Nouvelles du pays est une galerie de portraits de femmes qui refusent de battre en retraite devant leurs craintes. Des femmes pleines de vitalité qui se battent contre elle-même , leur entourage , la société. Elles tentent de se soustraire de leurs difficultés par divers moyens : le sexe, la drogue, la religion, la fuite vers l'occident ou tout simplement en s'accrochant à de modestes rêves. Ainsi c'est tout autant de thème que l'auteure aborde avec réalisme et humour; nous permettant d'encaisser ces histoires  bouleversantes où le désir de s'en sortir à tout prix peut pousser à commettre l'irréparable.
Les problèmes politiques du Nigéria ne sont pas en reste, elle aborde des questions telles que le mépris des multinationales pétrolières pour les populations locales, les conflits inter-religieux qui embrasent le Nigéria, la responsabilité des journalistes, le militantisme...

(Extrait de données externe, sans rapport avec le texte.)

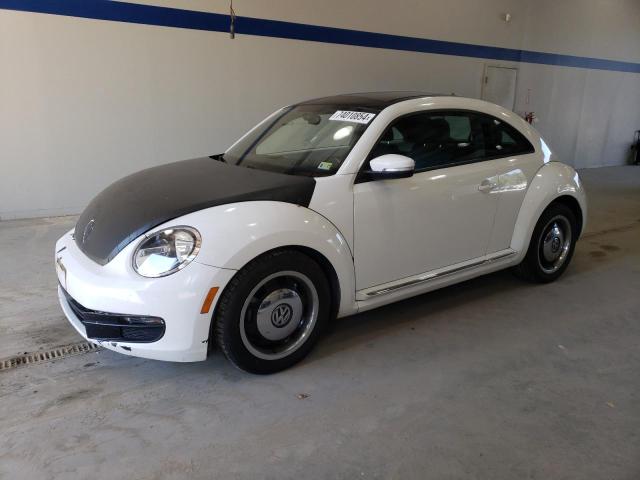 volkswagen beetle 2013 3vwjp7at3dm606605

À travers ces nouvelles, c'est également l'image d'une Afrique partagée entre misère et exploitation économique, entre attachement à ses racines et regard vers l'Occident, entre fanatisme religieux et modernisation des pratiques, entre retard de développement et maîtrise d'internet et des réseaux sociaux où sévissent les yahoo yahoo boys (Arnaqueurs)... que nous dépeint Sefi Atta. 
Comme à  l'image de ce continent aux diverses aspérités, le lecteur oscille entre joie, amertume; rire et peine. 

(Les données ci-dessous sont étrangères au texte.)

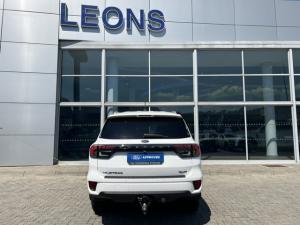 Ford Everest 3.0TD V6 4WD Wildtrak - Image 5
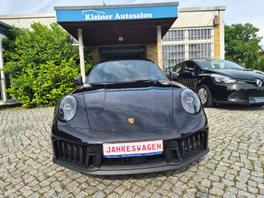 Porsche 991 I GTS - 2025 - Joinsteer - #1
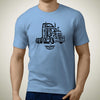 kenworth-t909-truck-premium-truck-art-men‚Äôs-t-shirt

Les chutes sont surprenantes, imprévisibles et  ambiguës. Le lecteur a une impression d'inachevée qui soulèvent des pistes de réflexion et laisse libre cours à notre imagination.
Les dialogues rythment les récits et permettent de cerner rapidement les personnages. 
La langue de l'auteure est vive et décalée. Il s'agit d'une traduction mais il semble que Charlotte Wolliez ait réussi à faire ressortir toutes les nuances de l'oeuvre originale. On ressent le désarroi des clandestins, l'hypocrisie des collègues de travail, la froideur du bureau américain qui distribue les cartes vertes, la tension et l'indécision avant les attaques... 

Sefi Atta est née à Lagos en 1964. Elle a étudié au Nigéria, en Angleterre et aux États-Unis. Elle  vit dans le Mississipi depuis une quinzaine d'année. C'est une romancière, nouvelliste et dramaturge. Elle a reçu en 2006 le prix Wole Soyinka pour son premier roman Le meilleur reste à venir (Everything good will come) (2005). Avec Nouvelles du pays ( News from home) (2009), elle a été la dernière lauréate du prix Noma, prix reçu par  Mariama Bâ en 1980 pour son  roman: Une Si Longue Lettre

Nouvelles du pays m'a donné envie de connaître les autres œuvres de cette auteure.